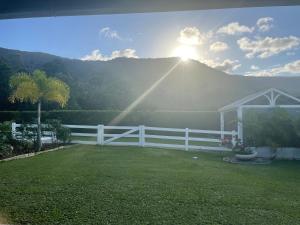 a white fence with the sun shining over a mountain at Ranch Retreat in Kewarra Beach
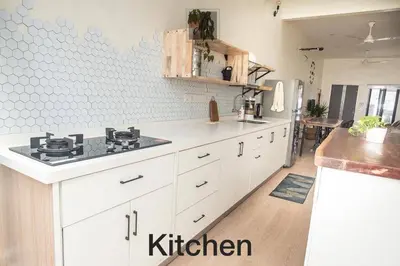 a kitchen with white cabinets and a stove in it at M12 Homestay, Butterworth in Butterworth
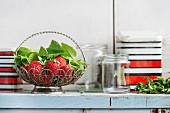 Fresh ripe garden strawberries and melissa herbs in vintage vase standing with empty glass and metal jars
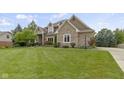 Beautifully landscaped brick home with a lush green lawn and mature trees on a bright day at 14832 Sulky Way, Carmel, IN 46032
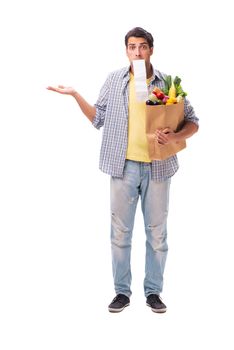 Young man with his grocery shopping on white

————

> [TASK GOAL]: Within the listing above, find the line containing "Fresh ripe garden", then print it and every line after it exactly, leaving out pictures.

> [REPLY]:
 Fresh ripe garden strawberries and melissa herbs in vintage vase standing with empty glass and metal jars
 Beautifully landscaped brick home with a lush green lawn and mature trees on a bright day at 14832 Sulky Way, Carmel, IN 46032
 Young man with his grocery shopping on white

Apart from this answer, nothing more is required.